Some 4000 to 7000 people currently cross into Croatia and Slovenia every day, fleeing war and terror in their home countries. The UN Refugee Agency (UNHCR), national Red Cross societies, various NGOs and a great many volunteers are helping the Croatian and Slovenian civil protection organisations working in the transit centres. Nevertheless, the large number of migrants poses a huge challenge for the countries along what is known as the Western Balkan route.
When, in the last week of October, Slovenia and Croatia applied to Switzerland for help, Swiss Humanitarian Aid decided to support civil protection and civil society organisations in the two countries. On 11 November, a lorry from the Swiss Humanitarian Aid depot in Wabern was already on its way carrying 7.2 tonnes of relief supplies (water tanks, distribution units and blankets). The supplies were handed over to the Slovenian civil protection authorities the following day.
On 12 November a Swiss Humanitarian Aid Unit (SHA) team also travelled to Slovenia. The SHA experts are to purchase more material locally and share their expertise with the civil protection authorities, e.g. to help them improve sanitary facilities in the transit centres. The experts are working in the Slovenian Šentilj transit centre on the Austrian border, and will extend their activities to Croatia in the coming days. Another line of action involves volunteers. Part of the budget has been made available to the Croatian Red Cross and the organisation Slovene Philanthropy, which are coordinating volunteers. CHF 1 million has been earmarked for the project in Slovenia and Croatia.
These lines of action emerged from a trip by three Swiss Humanitarian Aid experts from 4 to 8 November to assess the situation in Slovenia and Croatia. The team identified winter infrastructure, winter washing and sanitation facilities, support services for volunteers working to the point of exhaustion and the provision of translators (Urdu, Farsi and Arabic) as the most pressing needs in the reception centres.
A few months ago, in the framework of migration partnerships with Serbia, Bosnia-Herzegovina and Kosovo, the State Secretariat for Migration (SEM) provided the partner countries with extra funding. Among other things, these funds have been used to set up a reception centre in Preševo, on the border between Serbia and Macedonia. In addition, the SEM has provided CHF 1.5 million to the countries in the region (mainly Serbia and Macedonia) in response to calls from the UNHCR and the International Organization for Migration (IOM).

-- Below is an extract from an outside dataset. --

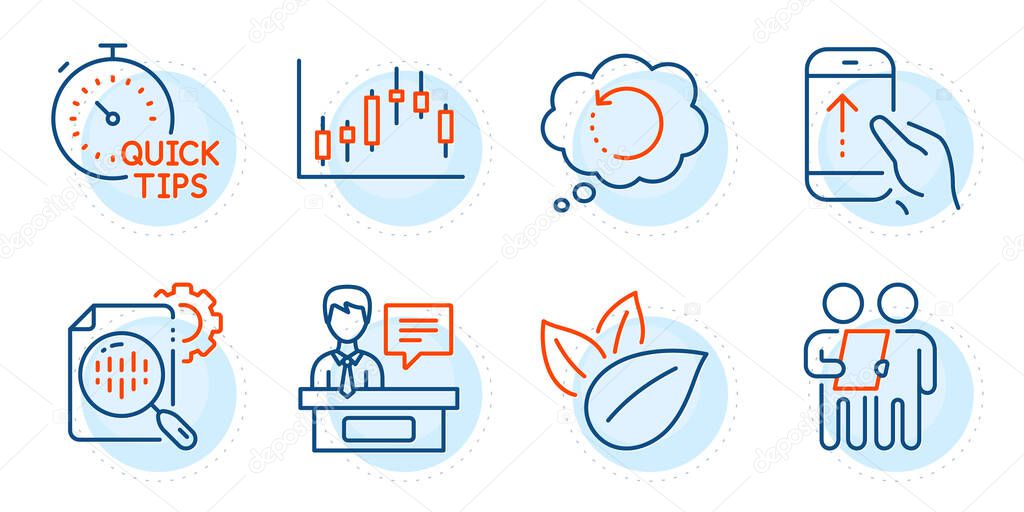 Swipe up, Exhibitors and Candlestick graph signs. Survey, Organic product and Seo stats line icons set. Quick tips, Recovery data symbols. Contract, Leaves. Science set. Outline icons set. Vector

Switzerland also allocates funds to NGOs and representatives of civil society active in the field of migration in these countries. The projects have been developed with the help of the Swiss embassies and cooperation offices. Finally, Switzerland is participating in an IOM regional project to improve the exchange of information between the affected countries. Elsewhere, the SHA has seconded a water and sanitation specialist to the UNHCR in Greece, who is providing expertise on drinking water and sanitation in the local reception centres.
However, Switzerland is deploying its biggest efforts to help refugees in the crisis region itself. Since the outbreak of the conflict in Syria in March 2011, Switzerland has spent a total of CHF 203 million on projects in Syria, Lebanon, Jordan and Iraq. The Federal Council decided to increase this aid to CHF 70 million in September. The additional funds are intended for projects in connection with the crisis in Syria and Iraq and in the Horn of Africa.